El quiebre, por lo tanto, no solo es una disputa comercial, sino una crisis de esa misma credibilidad. Pone en jaque la idea de que las figuras televisivas pueden simplemente trasplantar las lógicas jerárquicas y de propiedad de la industria tradicional a un espacio que, en teoría, valora la horizontalidad y la co-creación.
A más de dos meses de su estallido, el tema sigue abierto. Las acusaciones de Juan Luis 16 apuntan a posibles acciones legales, y la discusión pública ha obligado a creadores y audiencias a reflexionar sobre la ética de la colaboración digital. ¿Es necesario formalizar cada proyecto con contratos para evitar malentendidos? ¿O debe primar un código de conducta no escrito basado en el respeto a la autoría y la lealtad creativa?

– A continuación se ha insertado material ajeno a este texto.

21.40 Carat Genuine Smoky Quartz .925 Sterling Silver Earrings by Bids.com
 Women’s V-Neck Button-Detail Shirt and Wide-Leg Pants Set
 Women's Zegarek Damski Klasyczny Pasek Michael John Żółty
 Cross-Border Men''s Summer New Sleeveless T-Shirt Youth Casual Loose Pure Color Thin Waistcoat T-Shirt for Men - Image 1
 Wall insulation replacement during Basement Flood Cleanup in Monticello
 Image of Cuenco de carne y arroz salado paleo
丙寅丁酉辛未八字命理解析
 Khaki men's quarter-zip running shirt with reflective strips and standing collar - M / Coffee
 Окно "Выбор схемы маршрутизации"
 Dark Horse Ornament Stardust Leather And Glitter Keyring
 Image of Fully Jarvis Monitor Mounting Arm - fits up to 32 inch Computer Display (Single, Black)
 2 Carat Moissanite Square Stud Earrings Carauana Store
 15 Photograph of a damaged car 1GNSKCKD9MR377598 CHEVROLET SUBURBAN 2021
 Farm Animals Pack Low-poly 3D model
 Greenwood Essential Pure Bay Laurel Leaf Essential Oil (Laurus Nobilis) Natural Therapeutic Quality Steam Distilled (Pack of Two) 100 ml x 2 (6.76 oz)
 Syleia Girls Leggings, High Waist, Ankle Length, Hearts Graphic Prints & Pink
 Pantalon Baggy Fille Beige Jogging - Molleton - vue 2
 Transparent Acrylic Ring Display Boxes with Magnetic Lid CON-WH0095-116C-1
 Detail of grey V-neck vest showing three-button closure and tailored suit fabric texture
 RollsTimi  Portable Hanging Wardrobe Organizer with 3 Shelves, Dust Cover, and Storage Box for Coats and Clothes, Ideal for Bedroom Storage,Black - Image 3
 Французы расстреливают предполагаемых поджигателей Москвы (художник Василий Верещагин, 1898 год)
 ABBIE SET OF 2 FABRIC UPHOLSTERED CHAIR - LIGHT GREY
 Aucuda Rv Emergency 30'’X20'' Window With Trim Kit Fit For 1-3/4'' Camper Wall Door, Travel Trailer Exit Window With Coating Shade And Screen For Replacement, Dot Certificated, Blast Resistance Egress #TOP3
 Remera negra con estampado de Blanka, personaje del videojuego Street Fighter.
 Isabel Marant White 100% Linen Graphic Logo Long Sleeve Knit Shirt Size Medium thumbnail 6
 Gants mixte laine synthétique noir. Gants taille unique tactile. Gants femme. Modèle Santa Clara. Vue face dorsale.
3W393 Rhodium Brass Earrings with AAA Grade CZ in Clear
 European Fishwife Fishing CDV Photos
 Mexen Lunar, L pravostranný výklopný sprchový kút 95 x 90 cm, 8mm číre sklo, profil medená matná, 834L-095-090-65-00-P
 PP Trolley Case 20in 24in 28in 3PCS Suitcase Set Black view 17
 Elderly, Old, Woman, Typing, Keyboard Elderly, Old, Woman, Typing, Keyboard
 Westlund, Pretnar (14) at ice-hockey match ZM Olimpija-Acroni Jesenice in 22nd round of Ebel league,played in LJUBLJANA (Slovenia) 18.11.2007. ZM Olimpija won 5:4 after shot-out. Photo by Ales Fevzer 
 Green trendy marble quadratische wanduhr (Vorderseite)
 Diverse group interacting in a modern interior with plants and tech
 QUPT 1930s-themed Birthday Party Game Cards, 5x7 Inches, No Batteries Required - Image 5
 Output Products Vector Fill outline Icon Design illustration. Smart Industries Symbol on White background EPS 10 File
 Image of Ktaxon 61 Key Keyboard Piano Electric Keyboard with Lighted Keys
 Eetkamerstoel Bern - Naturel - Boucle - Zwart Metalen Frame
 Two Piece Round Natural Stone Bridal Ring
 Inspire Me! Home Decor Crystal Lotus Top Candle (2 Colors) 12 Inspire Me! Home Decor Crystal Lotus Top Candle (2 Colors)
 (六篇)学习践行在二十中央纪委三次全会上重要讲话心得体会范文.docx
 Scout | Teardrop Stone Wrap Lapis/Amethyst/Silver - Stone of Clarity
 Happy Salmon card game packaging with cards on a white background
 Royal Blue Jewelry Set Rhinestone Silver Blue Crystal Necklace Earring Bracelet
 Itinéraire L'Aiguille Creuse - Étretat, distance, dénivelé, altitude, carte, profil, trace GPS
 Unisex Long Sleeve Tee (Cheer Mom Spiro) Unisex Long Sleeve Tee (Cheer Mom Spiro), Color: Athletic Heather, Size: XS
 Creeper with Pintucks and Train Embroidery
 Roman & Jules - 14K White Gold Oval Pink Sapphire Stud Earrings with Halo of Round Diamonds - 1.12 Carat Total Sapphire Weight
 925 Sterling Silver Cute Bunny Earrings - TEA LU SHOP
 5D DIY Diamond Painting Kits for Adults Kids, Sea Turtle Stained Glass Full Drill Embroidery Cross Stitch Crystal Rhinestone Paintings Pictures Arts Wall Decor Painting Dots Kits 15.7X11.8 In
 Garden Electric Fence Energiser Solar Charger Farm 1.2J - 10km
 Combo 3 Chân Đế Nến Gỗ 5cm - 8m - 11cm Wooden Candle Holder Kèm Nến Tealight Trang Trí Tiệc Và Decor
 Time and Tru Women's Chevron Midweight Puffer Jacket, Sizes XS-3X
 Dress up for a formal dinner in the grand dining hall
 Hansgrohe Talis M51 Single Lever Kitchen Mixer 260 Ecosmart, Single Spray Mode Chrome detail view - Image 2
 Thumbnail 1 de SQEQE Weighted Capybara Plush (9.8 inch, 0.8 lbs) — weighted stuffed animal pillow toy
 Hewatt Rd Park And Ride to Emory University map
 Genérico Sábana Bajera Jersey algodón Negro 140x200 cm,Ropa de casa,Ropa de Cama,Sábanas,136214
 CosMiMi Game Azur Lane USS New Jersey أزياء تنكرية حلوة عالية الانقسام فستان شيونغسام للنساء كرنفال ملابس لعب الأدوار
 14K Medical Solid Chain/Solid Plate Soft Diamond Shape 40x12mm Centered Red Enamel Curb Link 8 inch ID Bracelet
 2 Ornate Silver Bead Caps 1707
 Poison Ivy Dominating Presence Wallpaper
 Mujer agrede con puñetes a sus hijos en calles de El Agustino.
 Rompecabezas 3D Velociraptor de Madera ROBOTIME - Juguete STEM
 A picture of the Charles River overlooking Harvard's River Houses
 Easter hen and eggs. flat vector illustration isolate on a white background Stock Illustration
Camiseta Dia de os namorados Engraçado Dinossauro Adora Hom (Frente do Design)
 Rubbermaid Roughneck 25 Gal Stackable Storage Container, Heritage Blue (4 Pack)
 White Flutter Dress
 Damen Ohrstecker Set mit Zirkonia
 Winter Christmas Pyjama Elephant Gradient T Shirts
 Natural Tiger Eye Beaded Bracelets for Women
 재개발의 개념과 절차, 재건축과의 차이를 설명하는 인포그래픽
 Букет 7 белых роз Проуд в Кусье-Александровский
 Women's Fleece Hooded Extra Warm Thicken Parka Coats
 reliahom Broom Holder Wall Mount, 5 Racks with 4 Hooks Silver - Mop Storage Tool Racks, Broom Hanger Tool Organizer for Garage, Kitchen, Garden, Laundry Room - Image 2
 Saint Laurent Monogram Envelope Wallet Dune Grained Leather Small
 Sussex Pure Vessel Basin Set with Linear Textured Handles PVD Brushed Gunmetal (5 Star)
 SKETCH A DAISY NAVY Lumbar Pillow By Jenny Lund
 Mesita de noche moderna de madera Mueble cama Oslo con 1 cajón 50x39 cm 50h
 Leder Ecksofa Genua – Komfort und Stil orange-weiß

El caso Fuenzalida-Bravo ha demostrado que, en la guerra por la relevancia en el nuevo ecosistema mediático, la batalla más importante no se libra solo por el rating o los auspiciadores, sino por la propiedad de las ideas y la confianza que las sostiene. Las reglas de este nuevo juego se están escribiendo sobre la marcha, y este conflicto es, sin duda, uno de sus capítulos fundacionales.